The etiology of chronic diseases is complex, and some level of simplification via summary quantities is welcome in epidemiological research. To paraphrase Box’s aphorism, “all summarizations are wrong but some are useful”37. To be useful, a summarization should produce approximately valid results. The validity of results in analyses based on the standard HLI could be assessed by comparing them to results of an outcome-specific HLI or the individual lifestyle components. If results are similar, the standard HLI could be appropriate as it does not rely on data-driven weights and it could facilitate the comparison of findings across studies and across health-related outcomes. However, the premise that standard HLIs would facilitate comparison across studies might be tempered in view of the myriad of versions of standard HLIs proposed in the literature5,6,9,10,17,18,38.

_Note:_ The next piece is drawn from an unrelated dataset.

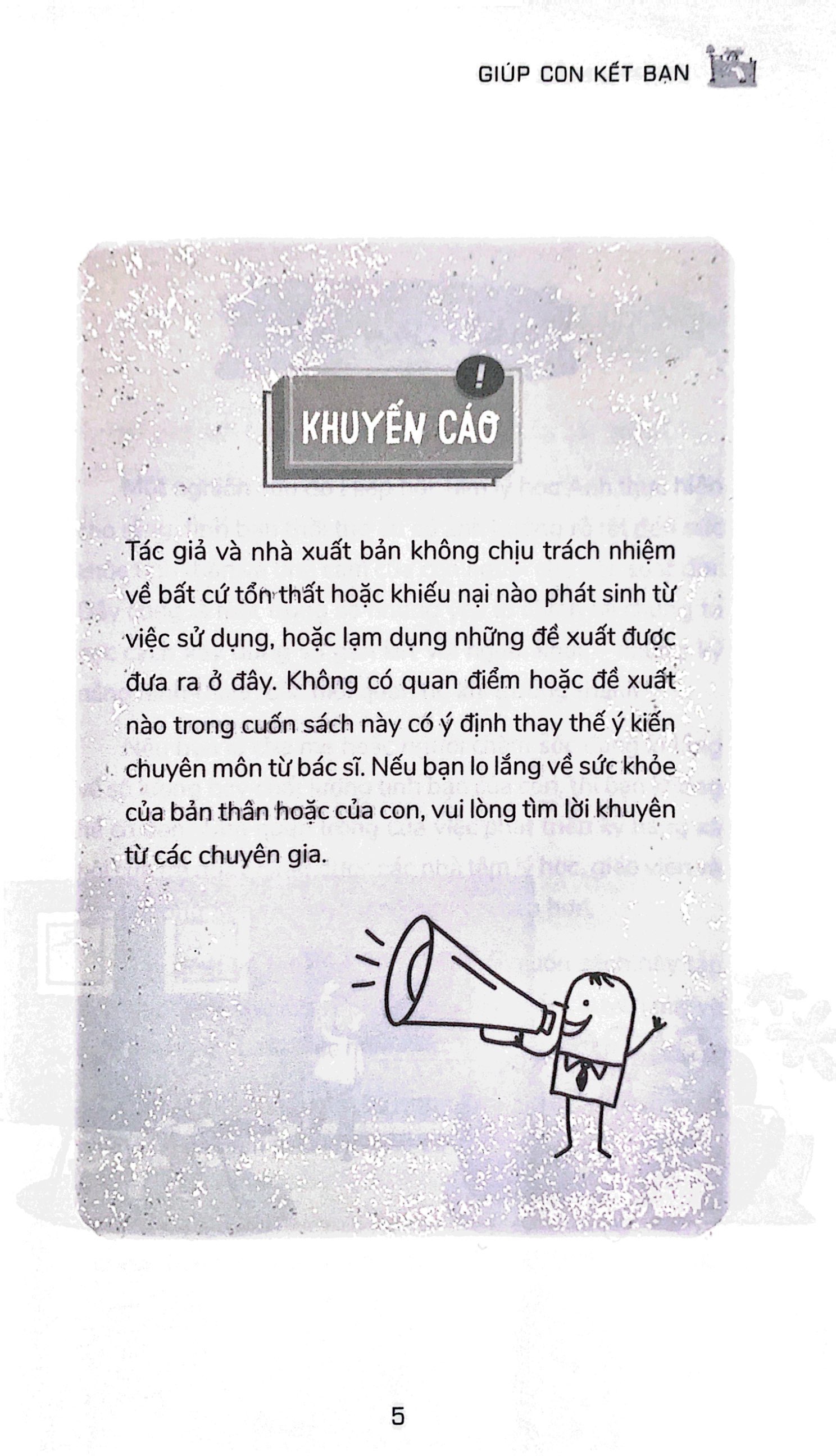 101 tips - giúp con kết bạn - Ảnh 4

Multiple lifestyle factors influence an individual’s health, but some are more critical than others, which should be reflected in public health recommendations. Towards this aim, the “healthiest” lifestyle profiles could be defined as the combinations of individual lifestyle behaviors associated with lowest risk of disease, longest life expectancy, or longest life expectancy free of a chronic disease9. The development and validation of an HLI using weights derived from meta-analyzed associations with disease risk, mortality or a composite outcome reflecting mortality and common chronic diseases would help the characterization and promotion of these healthiest profiles.

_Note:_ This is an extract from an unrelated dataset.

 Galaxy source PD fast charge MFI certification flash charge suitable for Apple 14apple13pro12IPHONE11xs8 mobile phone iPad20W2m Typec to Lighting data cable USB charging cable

In line with previous versions of the standard HLI8, the HLI considered in this study was based on five individual components: smoking habits, alcohol intake, diet, physical activity, and adiposity. Refined statistical methods, e.g. using splines, could be used to combine the individual components into an outcome-specific HLI. Also, working with a refined categorization of these five components, including more descriptors, such as more refined information on smoking intensity or adiposity or a broader spectrum of dietary exposures, and/or including information on other lifestyle factors, such as quality of sleep39,40 or stress, might lead to more accurate assessments of the relationship between lifestyle and health-related outcomes. The evaluation conducted in this study relied on the EPIC cohort, where the study populations in the various countries were generally more health-conscious than their source populations. We could not account for other major chronic diseases that could affect observed associations with our outcomes of interest because of a lack of such information in EPIC. For example, chronic obstructive pulmonary disease (COPD) frequently co-occurs with CVD and share tobacco smoking as a main risk factor41. These potential limitations were acknowledged, yet they were unlikely to affect the main conclusions of the study, which were corroborated by the evidence of our theoretical results under simple linear causal models.